WHAT YOU ARE ASKED TO DO
Nothing outside the lines below from the one containing "Bilde Map of" through the one containing "Tablet Screenshot of echostudios.org.uk" is to be printed; print those exactly, ends included, and drop the pictures.

EXCERPTED DATA
++++

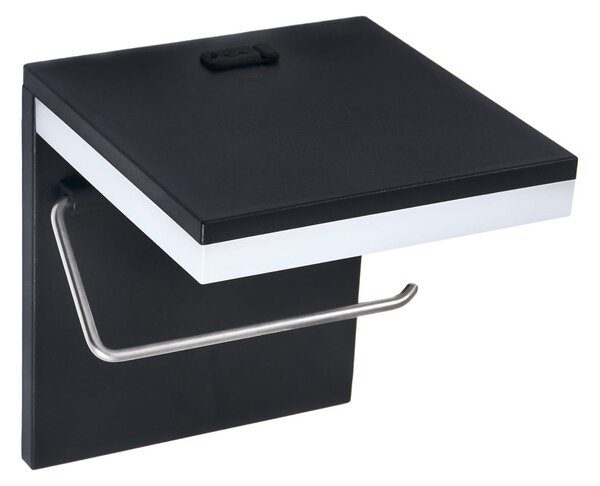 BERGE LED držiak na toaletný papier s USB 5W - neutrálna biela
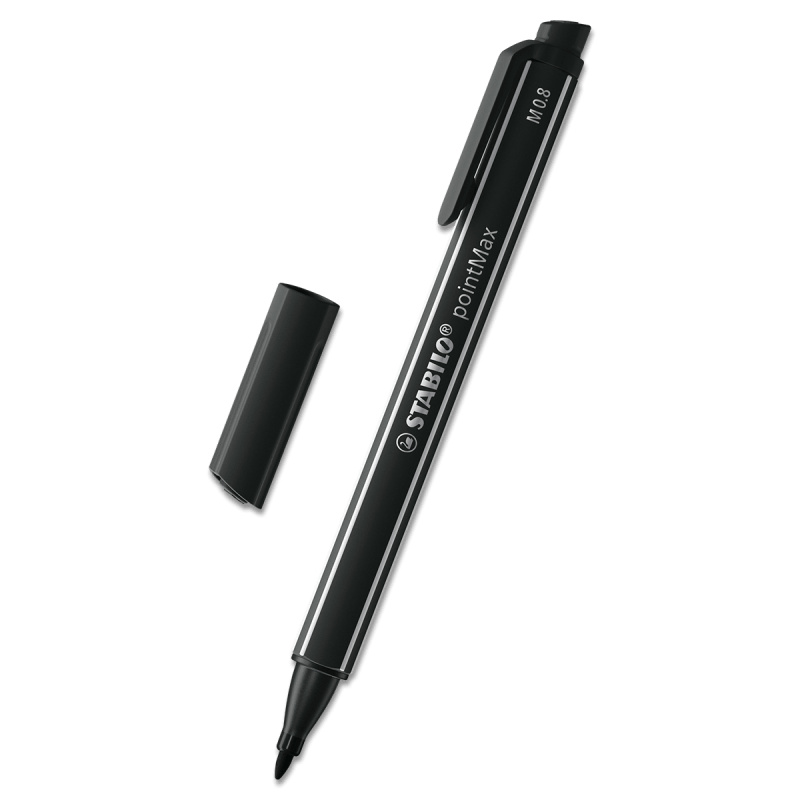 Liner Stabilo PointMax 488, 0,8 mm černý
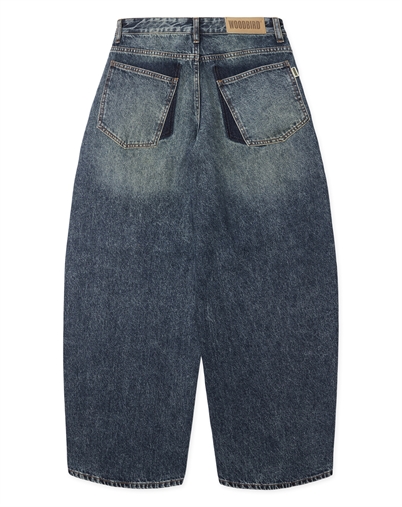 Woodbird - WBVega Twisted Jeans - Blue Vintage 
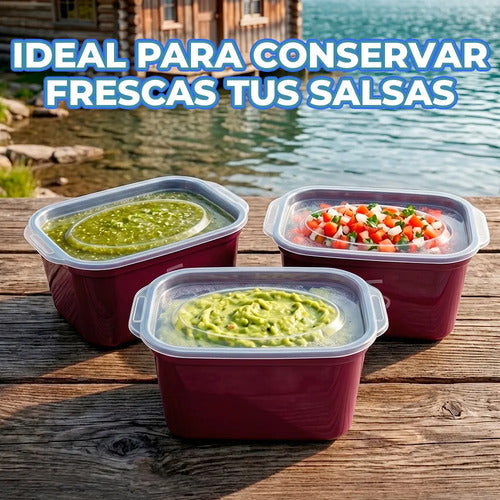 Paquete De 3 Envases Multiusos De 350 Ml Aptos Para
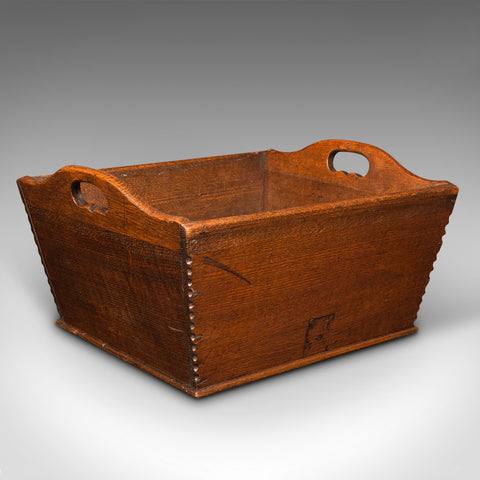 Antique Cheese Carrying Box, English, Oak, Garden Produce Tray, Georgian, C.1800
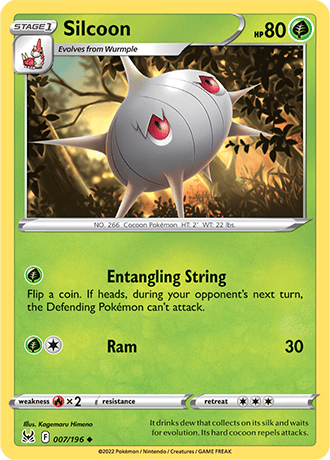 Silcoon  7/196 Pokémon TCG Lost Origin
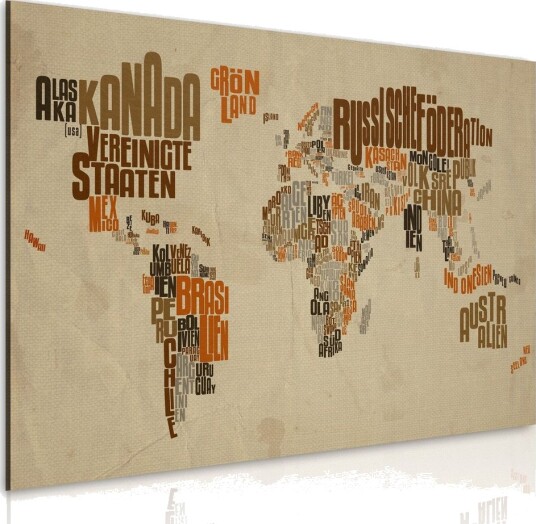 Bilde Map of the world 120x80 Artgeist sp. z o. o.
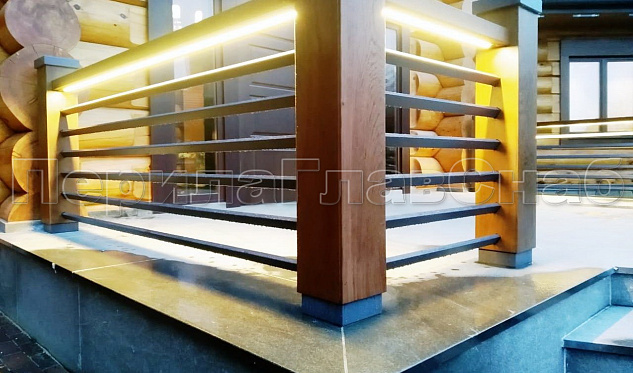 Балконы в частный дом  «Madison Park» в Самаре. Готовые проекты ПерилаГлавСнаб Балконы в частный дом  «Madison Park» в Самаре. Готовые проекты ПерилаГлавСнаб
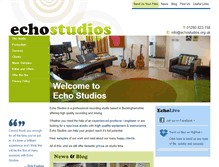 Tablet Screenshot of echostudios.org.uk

++++

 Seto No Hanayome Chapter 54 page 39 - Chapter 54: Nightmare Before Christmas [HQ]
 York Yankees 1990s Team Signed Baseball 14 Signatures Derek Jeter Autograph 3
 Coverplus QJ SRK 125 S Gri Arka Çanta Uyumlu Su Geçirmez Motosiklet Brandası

++++

RESPONSE TO THIS TASK
 Bilde Map of the world 120x80 Artgeist sp. z o. o.
 Балконы в частный дом  «Madison Park» в Самаре. Готовые проекты ПерилаГлавСнаб Балконы в частный дом  «Madison Park» в Самаре. Готовые проекты ПерилаГлавСнаб
 Tablet Screenshot of echostudios.org.uk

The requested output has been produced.